Man sampling a variety of seasonal craft beer at an outdoor beer garden

Colorado's bustling brewery culture has been hit hard by the pandemic: Nearly three dozen breweries have closed down in the state in the last 18 months, reports The Colorado Sun.

That's part of the reason for the state's beer shortage, but a bigger part seems to be linked to a beer can shortage. The Durango Herald says that local Colorado breweries, including Ska Brewing Co., Steamworks Brewing Co., and Carver Brewing Co., have all struggled to can their products.

The shortage has been especially felt among these smaller brands because they don't make the volume sales that brands like Molson Coors or Budweiser do.

RELATED: These Beloved Beers Are Being Discontinued by Molson Coors.

Most of these breweries have relied on mass can supplier Ball, which can't keep up.
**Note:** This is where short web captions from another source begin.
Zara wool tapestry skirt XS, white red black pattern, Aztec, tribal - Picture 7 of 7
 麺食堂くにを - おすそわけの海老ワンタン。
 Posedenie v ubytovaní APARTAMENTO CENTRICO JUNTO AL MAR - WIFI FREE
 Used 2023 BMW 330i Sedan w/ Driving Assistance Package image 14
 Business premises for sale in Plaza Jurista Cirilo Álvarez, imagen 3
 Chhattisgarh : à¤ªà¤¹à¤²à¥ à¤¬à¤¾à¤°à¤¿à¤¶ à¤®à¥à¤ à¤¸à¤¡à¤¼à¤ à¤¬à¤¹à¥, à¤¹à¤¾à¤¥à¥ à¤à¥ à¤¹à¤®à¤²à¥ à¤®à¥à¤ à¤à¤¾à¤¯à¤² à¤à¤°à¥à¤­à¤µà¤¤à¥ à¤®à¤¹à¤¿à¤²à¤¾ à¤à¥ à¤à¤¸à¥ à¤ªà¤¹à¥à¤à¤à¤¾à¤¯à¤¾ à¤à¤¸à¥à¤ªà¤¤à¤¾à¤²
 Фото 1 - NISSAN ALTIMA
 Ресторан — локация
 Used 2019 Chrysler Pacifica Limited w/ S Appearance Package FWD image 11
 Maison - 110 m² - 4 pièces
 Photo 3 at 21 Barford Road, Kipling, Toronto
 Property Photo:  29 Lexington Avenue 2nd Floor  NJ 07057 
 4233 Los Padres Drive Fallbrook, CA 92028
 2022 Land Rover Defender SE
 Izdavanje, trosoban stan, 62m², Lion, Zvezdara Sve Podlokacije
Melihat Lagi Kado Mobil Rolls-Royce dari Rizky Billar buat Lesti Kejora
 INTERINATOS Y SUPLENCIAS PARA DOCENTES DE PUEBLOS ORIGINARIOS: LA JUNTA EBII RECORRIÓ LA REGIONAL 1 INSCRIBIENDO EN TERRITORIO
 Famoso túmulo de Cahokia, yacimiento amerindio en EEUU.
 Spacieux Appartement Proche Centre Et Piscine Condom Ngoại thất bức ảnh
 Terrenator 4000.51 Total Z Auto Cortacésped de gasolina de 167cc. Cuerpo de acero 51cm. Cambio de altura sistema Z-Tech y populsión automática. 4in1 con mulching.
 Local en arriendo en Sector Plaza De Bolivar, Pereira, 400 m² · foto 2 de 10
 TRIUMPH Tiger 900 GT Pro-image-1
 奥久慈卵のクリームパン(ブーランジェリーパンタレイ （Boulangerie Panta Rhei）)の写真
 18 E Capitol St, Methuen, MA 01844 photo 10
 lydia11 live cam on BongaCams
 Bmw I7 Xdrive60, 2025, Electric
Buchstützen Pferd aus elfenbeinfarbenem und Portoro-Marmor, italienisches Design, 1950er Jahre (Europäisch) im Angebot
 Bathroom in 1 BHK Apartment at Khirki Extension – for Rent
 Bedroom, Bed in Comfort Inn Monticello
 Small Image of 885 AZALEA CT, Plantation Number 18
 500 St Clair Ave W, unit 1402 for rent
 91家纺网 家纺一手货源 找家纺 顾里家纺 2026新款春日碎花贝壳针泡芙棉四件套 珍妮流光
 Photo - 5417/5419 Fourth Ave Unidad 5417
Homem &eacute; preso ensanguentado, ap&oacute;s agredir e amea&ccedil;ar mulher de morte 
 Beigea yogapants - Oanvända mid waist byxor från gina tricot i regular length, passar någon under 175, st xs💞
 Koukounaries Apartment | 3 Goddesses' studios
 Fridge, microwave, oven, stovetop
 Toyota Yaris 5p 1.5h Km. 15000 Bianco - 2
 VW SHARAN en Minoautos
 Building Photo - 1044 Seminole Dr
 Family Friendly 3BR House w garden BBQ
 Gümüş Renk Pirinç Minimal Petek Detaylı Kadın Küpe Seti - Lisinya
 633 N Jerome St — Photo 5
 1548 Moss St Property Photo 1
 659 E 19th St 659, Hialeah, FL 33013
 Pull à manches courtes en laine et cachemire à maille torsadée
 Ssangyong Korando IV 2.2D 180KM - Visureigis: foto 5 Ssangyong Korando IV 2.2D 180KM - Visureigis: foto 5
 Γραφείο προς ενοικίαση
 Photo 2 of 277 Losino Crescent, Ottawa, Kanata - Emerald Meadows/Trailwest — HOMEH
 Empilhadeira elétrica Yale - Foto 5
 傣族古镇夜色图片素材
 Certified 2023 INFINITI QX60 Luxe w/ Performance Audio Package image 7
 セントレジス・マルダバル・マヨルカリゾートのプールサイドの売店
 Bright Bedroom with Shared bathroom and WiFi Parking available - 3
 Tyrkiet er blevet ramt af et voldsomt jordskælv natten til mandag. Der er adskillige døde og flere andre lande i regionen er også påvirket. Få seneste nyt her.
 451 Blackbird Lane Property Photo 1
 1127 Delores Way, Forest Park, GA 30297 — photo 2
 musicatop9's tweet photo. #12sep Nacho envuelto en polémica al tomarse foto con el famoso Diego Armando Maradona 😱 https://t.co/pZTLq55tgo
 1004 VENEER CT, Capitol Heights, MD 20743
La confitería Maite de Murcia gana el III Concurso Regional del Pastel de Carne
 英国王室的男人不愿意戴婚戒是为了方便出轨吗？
Various bottles of craft, microbrews, IPAs, bitter, ale, wheat, domestic and imported beer styles from around the world on shelf display in store.
Trong Nguyen / Shutterstock

The Ball Corporation, headquartered in Broomfield, Colorado, is responsible for producing about a third of the world's aluminum cans. A 2016 Denver Post article on the company estimated that they produced around 6 million cans a day.

But during an earnings call in February, the company's President Daniel Fisher said, "We see demand continuing to outstrip supply well into 2023," meaning it's unlikely that aluminum can production will improve anytime soon.

"We are capacity constrained right now," Ball CEO John Hayes said on the same call. "The reality is we don't have the cans to supply those people that are looking to go into it."

The company is looking to add three new plants to produce 6 billion more cans in the next few years.

But smaller Colorado breweries, which depend on Ball, say their orders have been bumped to the back of the list in favor of massive orders from major beer suppliers.

"Your bigger producers, your large domestic breweries got first right on a lot of (the cans), and unless you were ordering a sufficient amount from Ball, you kind of got put at the back of the list," Charles Talbott, the operations manager of Talbott's Cider Company in Palisade, Colorado, told The Colorado Sun. He said he doesn't believe his company will receive a delivery of cans from Ball until 2022.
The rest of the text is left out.